Maurice llamó a la puerta y entró. Saludó a los presentes, pero nadie le contestó al saludo. Se sentó en el sofá, cerca de Kader, y cruzó las piernas.
—¿Quiere beber algo, señor Maurice? —le preguntó la mujer.
—No, gracias, Sonia —contestó—. Es muy temprano para mí.
Kader añadió:
—Siempre hemos cumplido nuestra palabra.
El negro movió una mano de palma blanca y volvió a sonreír.
—El mes que viene tengo un pedido para Kuwait, cinco coches. Los cinco están pagados y el dinero en el banco… Todo muy fácil para vosotros. Ya me he cansado de recibir cochecitos de regalo.
—Explícate, Suleiman —dijo Kader.
—Un coche fue lo que convinimos —terció Maurice, y Kader lo miró con sus ojos centelleantes. Maurice bajó la vista y carraspeó.
Kader siguió diciendo:
—¿No te interesa trabajar para nosotros?
—Sí, claro que sí, Kader. Formamos un buen equipo. Por supuesto que sí. Lo que ocurre es que ya me he cansado de los coches. Quiero el diez por ciento.
Maurice fue a decir algo, pero se mordió los labios. Kader volvió a hablar con su calma característica. Dijo:
—Podemos buscar otros intermediarios, Suleiman. Tengo amigos en todas partes.
—¡Por supuesto! —exclamó el negro—. Claro que tienes amigos en todos sitios. Tú tienes muchos amigos. Yo soy amigo tuyo y poseo valija diplomática. Puedo ir y venir sin despertar sospechas y tengo más contactos que nadie. —Se encogió de hombros—. El diez por ciento o nada.
Se puso en pie, Kader también y Maurice los siguió. Kader sonrió.
—Es una tontería que nos enfademos por un Mercedes más o menos, Suleiman.
—Eso es lo que yo pienso. Necesito ese Mercedes…, es un compromiso personal. —Guiñó un ojo y sonrió de nuevo. Nadie lo secundó.
—Tendrás el Mercedes —afirmó Kader, y luego dijo rápidamente—: Te daré el cinco por ciento del volumen bruto, Suleiman.
—El diez.
—A partir de cinco coches, el diez. Menos de esa cantidad, el cinco por ciento.
—De acuerdo. —Suleiman se arregló la chaqueta de alpaca y se quitó una invisible mota de polvo de las solapas—. ¿Cuándo estará el coche?
—Dame dos días más.
—Dos días —dijo Suleiman dirigiéndose hacia la puerta.
—Sonia te acompañará a Madrid —indicó Kader.
La mujer, sonriendo, se acercó a Suleiman y se colgó de su brazo.
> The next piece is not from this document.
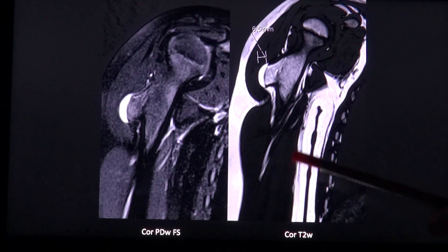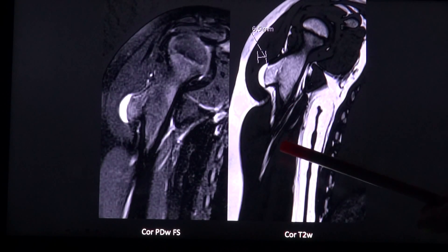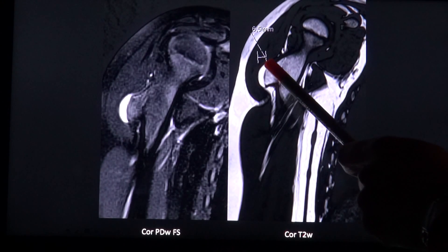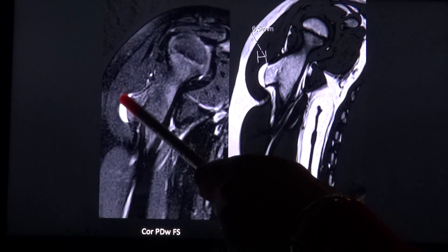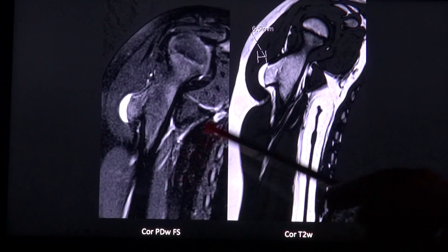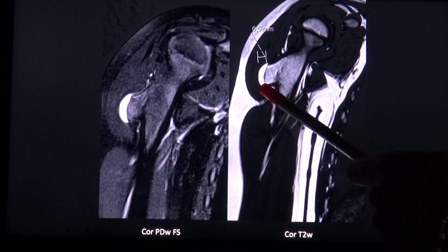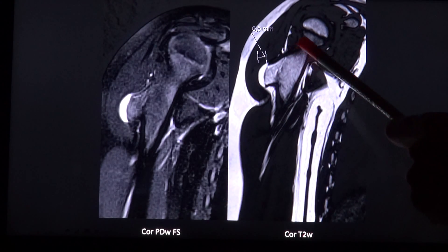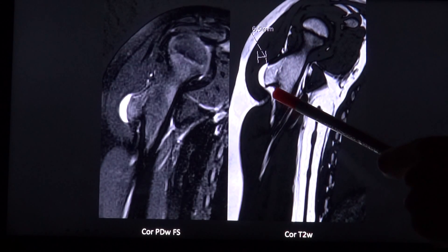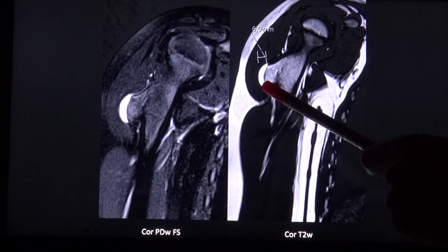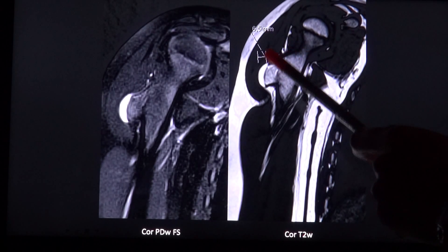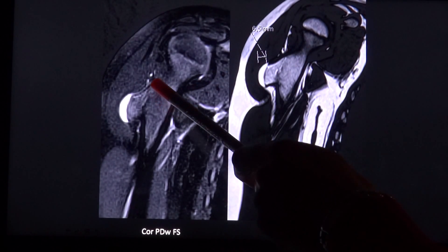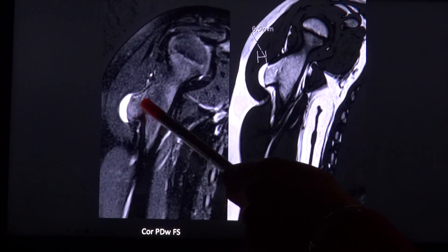With an MRI scan you can better evaluate the cartilaginous cap. Here with a very bright signal on the PD and T2 sequence. You can also very well see the low signal of the cortex and the marrow signal, which is continuous.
El negro la miró.
—Cuando quiero una puta, me la busco yo solo, Kader.
Sonia se soltó del brazo y Suleiman salió. Al cerrar la puerta, Kader exclamó:
—¡Hijo de perra!
Maurice volvió a sentarse en el sofá con un largo suspiro.
—Nos tiene pillados.
Kader paseó por el saloncito.
—¡Este cabrón es el mejor intermediario que hemos tenido, pero hay que empezar a buscar a otro! ¡Yo soy el dueño del negocio, no él! ¡Yo impongo las condiciones! —Se detuvo y miró a Maurice—. ¡Corre la voz, ofrece doscientas cincuenta mil pesetas por un Mercedes 500! ¡Llama a Milán, París…, a todo el mundo!
—Kader… —dijo Maurice.
La mujer se bebió el whisky que había dejado Suleiman y comenzó a recoger los vasos.
—Kader —repitió Maurice.
Kader miró fijamente a su socio.
—Escucha, Kader… Es peligroso insistir tanto con el Mercedes. Puede llegar a oídos de la policía.
—¡Imbécil! —exclamó—. ¡Haz lo que te he dicho!